AT-I has been found to be the the major bioactive component from AMK, which is a medicinal plant that has been used as a pharmacological agent for the treatment of threatened miscarriages for a long time (Zhu et al., 2018). CL is an essential organ for maintain the early pregnancy, and luteal dysfunction could cause infertility and abortions (Mesen and Young, 2015). The CL is mainly composed of large luteum cells (LLC) and little amount of small luteum cells (SLC). LLC, which has the stronger steroidogenic capacity than that in SLC, mainly originates from ovarian granulosa cells (Hryciuk et al., 2019). As the major bioactive compent of AMK, the effect of AT-I on the ovarian granulosa cells might contribute to our understanding on how AMK treatment of threatened miscarriages. This study found that AT-I could promote proliferation and the secretion of E₂ and P₄ in FOGCs. And the transcriptome profile of differential gene expression in FOGCs treated with the AT-I was examined in this report.

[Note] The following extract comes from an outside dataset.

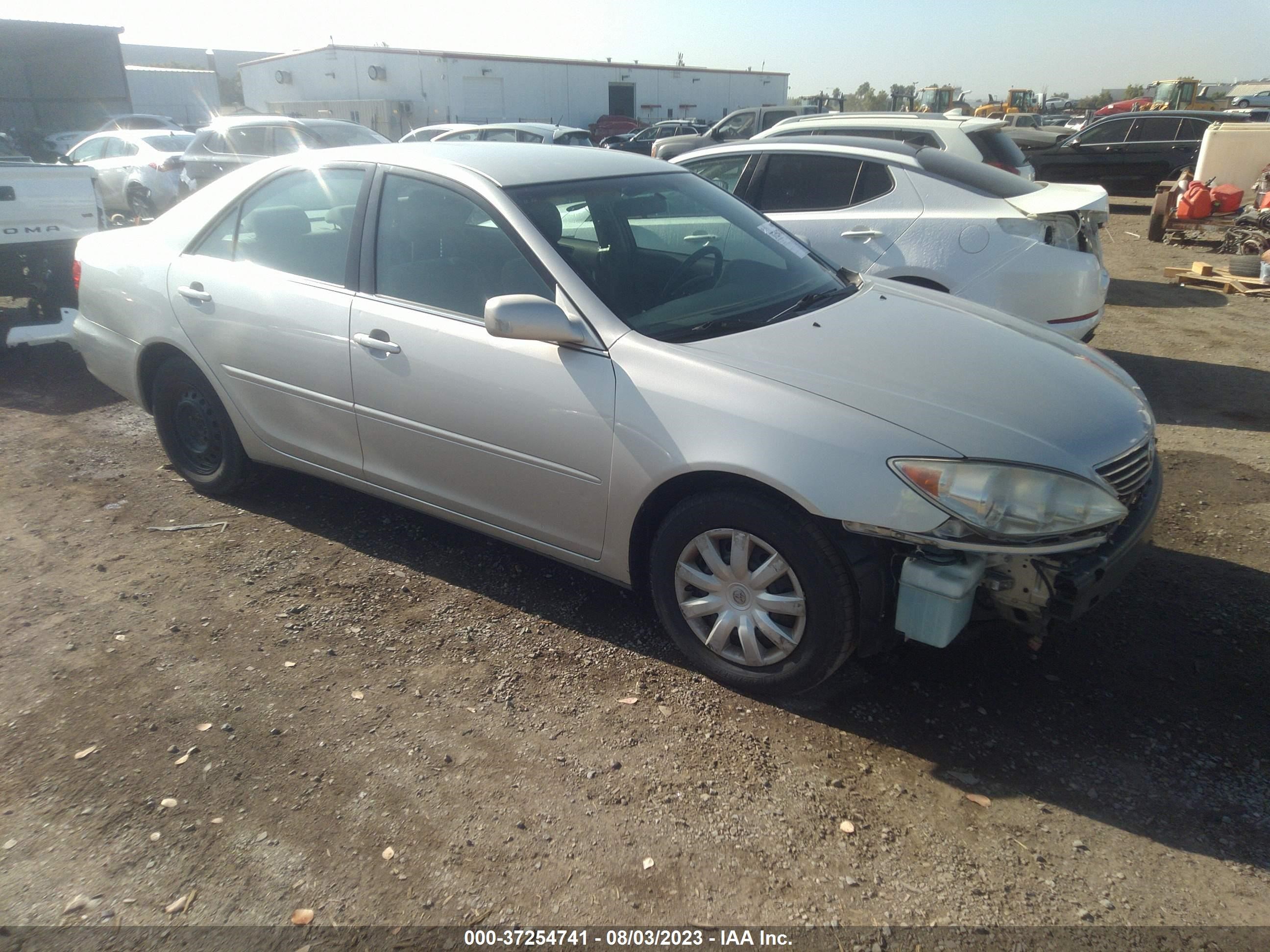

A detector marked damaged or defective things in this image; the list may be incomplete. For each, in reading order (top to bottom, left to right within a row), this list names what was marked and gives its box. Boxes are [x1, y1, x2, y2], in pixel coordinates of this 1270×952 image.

white car with damaged rear [675, 134, 1112, 342]
white car with damaged rear [72, 142, 1163, 695]
damaged front bumper [843, 459, 1163, 650]
exposed headlight [889, 459, 1127, 541]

Ovarian granulosa cells as the largest cell group within the follicles, they not only cooperate with theca interstitial cells to regulate the synthesis of female steroid hormones, and also can regulate both the growth and maturation of oocytes (Havelock et al., 2004). At present, there is only one method to culture primary FOGCs by slicing ovaries into many pieces (Chiara Perego et al., 2021), but the cell identification was not carried out and the fibroblasts, endothelial cells could not effectively removed. In this study, a new method by puncturing small folliclesto to cultivate primary FOGCs and confirmed with FSHR immunofluorescence identification, the FOGCs purity could reach 90% which could be used to perform relative experiment.

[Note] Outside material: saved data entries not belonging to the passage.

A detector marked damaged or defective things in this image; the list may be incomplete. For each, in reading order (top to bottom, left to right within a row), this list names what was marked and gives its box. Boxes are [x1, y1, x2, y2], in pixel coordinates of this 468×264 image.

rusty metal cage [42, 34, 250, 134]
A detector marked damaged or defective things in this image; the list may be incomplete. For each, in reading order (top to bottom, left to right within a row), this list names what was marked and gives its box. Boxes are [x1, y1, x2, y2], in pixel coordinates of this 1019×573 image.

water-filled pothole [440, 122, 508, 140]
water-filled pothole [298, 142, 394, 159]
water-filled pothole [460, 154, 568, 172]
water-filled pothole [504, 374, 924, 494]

After ovulation, ovarian granulosa cells proliferation and transformed to LLC that can have the ability to secrete amount of P₄ and maintain early pregnancy (Luigi Devoto, 2009 ) (Richards and Pangas, 2010); Amelkina et al. revealed that ovarian granulosa cells could be transformed to LLC that can have the ability to secrete steroids in domestic cat (Amelkina et al., 2015). In this study, the FOGCs viability was noticed to increase significantly in a dose and time-dependent within a certain range (Fig. 3A and 3B) and the secretion of E₂ and P₄ increased significantly (Fig. 4) after AT-I treatment in FOGCs. The increase of E2 and P4 might due to cell proliferation or enhanced single cell secretion or combined effect, which needs further investigation.

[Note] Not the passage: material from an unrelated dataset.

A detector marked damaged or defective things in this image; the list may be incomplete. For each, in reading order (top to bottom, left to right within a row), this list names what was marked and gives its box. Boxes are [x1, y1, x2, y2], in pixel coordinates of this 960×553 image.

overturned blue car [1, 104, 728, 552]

Recent evidence obtained with a luteal cell line has confirmed that E₂ can positively regulate the transcriptional activity of the SR-BI gene to speed up the occurrence of the luteinization process (Stocco, 2007). In our study, after AT-I-stimulation, E₂ concentration was observed to increase in 36 h, and after AT-I treatment 36 h, FOGCs can produce a substantial amount of P₄ instead of E₂ that they did before and the ratio of P₄/E₂ indicated that the P₄ secretion was more obviously than E₂ secretion in FOGCs after 36 h indicating that the AT-I might initiate luteinization process, which resulted in the enhanced P₄ secretion in FOGCs .

In this study, a total of 137 DEGs were obtained after transcriptome sequencing on the FOGCs group treated with AT-I and these results were confirmed by RT-qPCR. According to the GO classification and KEGG pathway enrichment analysis, it was found that the DEGs were mainly enriched in several important pathways including those regulating cholesterol metabolism, ovarian steroidogenesis, biosynthesis of unsaturated fatty acids and ABC transporter.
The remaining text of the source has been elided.